28 Şubat soruşturması kapsamında tutuklanarak Sincan F Tipi Cezaevi’ne konulan dönemin Genelkurmay 2. Başkanı emekli Orgeneral Çevik Bir, savcıya verdiği ifadede, o süreçte TSK’dan atılan subaylar için “temizledik” dedi. Hakim ve savcılara brifing vermeyi TSK’nın görevleri arasında sayan Bir’in, fişlemelerle ilgili soru üzerine “belgelerden haberinin olmadığını altında çalışan personelin çalışmaları olabileceği” cevabı verdi. 28 Şubat sürecinde Amerika’da yaptığı görüşmelerde ‘darbe için icazet isteyip istemediği” de sorulan Çevik Bir “Çok zaman geçti tam hatırlamıyorum” cevabı verdi.

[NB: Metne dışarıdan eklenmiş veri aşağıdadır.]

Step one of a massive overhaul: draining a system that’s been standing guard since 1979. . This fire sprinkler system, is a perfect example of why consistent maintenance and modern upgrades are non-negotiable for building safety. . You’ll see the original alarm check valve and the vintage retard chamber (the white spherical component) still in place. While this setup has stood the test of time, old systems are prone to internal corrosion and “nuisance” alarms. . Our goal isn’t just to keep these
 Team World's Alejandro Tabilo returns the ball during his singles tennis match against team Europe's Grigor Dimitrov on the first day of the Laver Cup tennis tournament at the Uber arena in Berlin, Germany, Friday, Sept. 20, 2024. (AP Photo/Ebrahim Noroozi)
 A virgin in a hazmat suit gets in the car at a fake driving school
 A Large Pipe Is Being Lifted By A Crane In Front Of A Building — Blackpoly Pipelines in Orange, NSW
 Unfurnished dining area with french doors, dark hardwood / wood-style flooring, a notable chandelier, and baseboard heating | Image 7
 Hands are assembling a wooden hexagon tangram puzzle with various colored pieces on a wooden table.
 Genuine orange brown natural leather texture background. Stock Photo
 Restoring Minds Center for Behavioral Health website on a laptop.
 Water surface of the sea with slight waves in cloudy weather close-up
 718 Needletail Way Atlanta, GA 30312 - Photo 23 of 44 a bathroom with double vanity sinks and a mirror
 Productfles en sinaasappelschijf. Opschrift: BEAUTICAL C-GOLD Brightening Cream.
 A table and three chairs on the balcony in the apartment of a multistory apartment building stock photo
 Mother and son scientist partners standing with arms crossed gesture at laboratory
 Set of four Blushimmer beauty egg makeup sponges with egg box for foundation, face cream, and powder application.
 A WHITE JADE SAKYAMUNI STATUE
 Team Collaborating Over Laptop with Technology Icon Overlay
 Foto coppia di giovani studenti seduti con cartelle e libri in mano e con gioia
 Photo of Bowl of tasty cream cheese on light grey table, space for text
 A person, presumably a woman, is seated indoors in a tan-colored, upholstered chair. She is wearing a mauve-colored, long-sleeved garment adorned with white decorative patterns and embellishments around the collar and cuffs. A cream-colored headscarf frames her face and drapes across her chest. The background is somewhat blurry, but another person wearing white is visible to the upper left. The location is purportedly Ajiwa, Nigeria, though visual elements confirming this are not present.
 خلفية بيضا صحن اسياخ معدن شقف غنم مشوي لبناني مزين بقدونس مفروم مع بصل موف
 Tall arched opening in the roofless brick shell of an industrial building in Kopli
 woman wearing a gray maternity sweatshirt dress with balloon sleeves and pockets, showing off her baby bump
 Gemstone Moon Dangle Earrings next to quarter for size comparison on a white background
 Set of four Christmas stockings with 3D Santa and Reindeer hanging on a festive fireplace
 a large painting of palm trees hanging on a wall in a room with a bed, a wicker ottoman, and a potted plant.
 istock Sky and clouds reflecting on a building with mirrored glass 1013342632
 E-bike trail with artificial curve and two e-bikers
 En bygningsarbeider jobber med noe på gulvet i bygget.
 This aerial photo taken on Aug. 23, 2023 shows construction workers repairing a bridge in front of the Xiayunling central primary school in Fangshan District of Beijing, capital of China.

O, astlarını astları da onu suçladı

28 Şubat süreciyle ilgili soruşturma tüm hızıyla devam ederken dönemin Genelkurmay 2. Başkanı Çevik Bir’in savcılık tarafında yapılan sorgusunda 28 Şubat sürecine ilişkin çarpıcı açıklamalar yaptığı ortaya çıktı. Savcı Bilgili’nin sorduğu bir çok belge ve dokümanlar için “Söz konusu belgeden haberim yok. Personel çalışması olabilir” şeklinde cevap veren Bir’in fişlemelerle ilgili belgelerde altında çalıştırdığı personeli adres göstermesi dikkat çekti. Çevik Bir’in bu ifadelerine karşılık Bir’in emrinde çalışan bir çok subay ise 28 Şubat çalışmalarını ‘emir ve talimat’ doğrultusunda gerçekleştirdiğini belirterek kendisini işaret etti.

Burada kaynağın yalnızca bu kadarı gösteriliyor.